As data is generated in an organic way by multiple systems and people, continuous analyses provide a dynamic canvas to better understand what is natively visible to humans but also to identify unexpected patterns that shed more light on key interactions at an elemental level and between core components. This has allowed CKM to present its results in ways that can open the minds of senior managers and battle-scarred operators to solve their problems.
Providing this new operational view helped our customer completely reprioritize the efforts of the program, with the new priority being to clean up the operation. Nevertheless, while the objective was clear, the operation was enormous and segmented into dozens and dozens of different accounts and internal functional units. Success would not be possible without an organized effort. So, our customer led his team on a laser-focused mission to reduce as much work as possible, leveraging our data-driven AI-powered tools and technology wherever possible. While change was not always so obvious overnight, the results were significant.
Once the operation was thoroughly cleaned up, it made a lot of sense to automate what remained. The way that these automation investments were decided would change, however. This is because CKM’s tools provided better data that could enable better decisions that would ultimately result in much better bottom-line returns.

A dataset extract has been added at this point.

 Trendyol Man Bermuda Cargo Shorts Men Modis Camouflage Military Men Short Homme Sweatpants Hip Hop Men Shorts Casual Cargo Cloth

As we recall from the intro above, it is common for automation success to be measured in volumes, even though this doesn’t correlate perfectly to total human effort that can be eliminated. In reality, actual bottom-line automation success is measured by the net savings produced by the investment (i.e. elimination in expense) over its cost. So, to accurately assess the potential returns of a new investment, a fundamental understanding of human effort is essential. The CKM toolset and process also produces a ‘baseline model’ of existing work effort to allow the teams to agree on what needs to be optimized. However, this model also becomes a very effective method of tracking success and ensuring the corresponding costs are removed once optimizations are completed.
This is where CKM’s Effort Model is so powerful, as it quantifies the total human effort for every identified cluster of repetitive work. As we can see in the Figure 1 screenshot below, T-K demonstrates the total human effort, or full-time equivalent (FTE) units, for every cluster, so leaders of automation programs can prioritize automation based on where they can eliminate the most work (like the largest cluster below), not volume. Furthermore, with an accurate measure of FTE units saved, one can justify more costly investments. For our customer, this meant he could justify the additional $65M in investments he made by the nearly $700M in savings achievable in the first year alone. Two years after the beginning of this program and those investments continue to pay dividends – with a total savings figure now near $2B.
Figure 1: T-K Software Repetitive Work Module
To learn more about our effort model and its importance, check out this dedicated post.
Improving Legacy Operations with Better Data and Changing Hearts in the Process
Nothing changes if nothing changes, and our customer knew this. He and his team worked extremely hard to achieve the results mentioned above. Nevertheless, the new data-driven operational view CKM provided was fundamental in turning things around and enabling our customer with the right toolset and data to meet his ambitious goals for operational efficiency. Moreover, it helped him get buy-in from his colleagues and confront a work culture that was stuck in the past. Unsurprisingly, a near 10x return on investment was enough to convince any non-believers of the value in using better tools and better data to question existing processes.
Another consequence of this effort was a cultural change within the Operations team – both at the managerial and hands-on levels. The use of irrefutable data, making simple observations from complex environments changed the way people spoke about their job and allowed people to focus on ‘removing errors’, ‘eliminating waste’, and ‘improving quality’ vs. more traditional headcount and cost reduction initiatives. The conversation became less about the age-old IT mantra of ‘do more work with less people’ vs. ‘have fewer people conducting valueless work’.
This change in attitude and usage of tools didn’t just change the existing operation, but completely revitalized the outlook for the entire company. This in turn set all of its customers on track to better service while simultaneously improving efficiency – the dream for any delivery executive.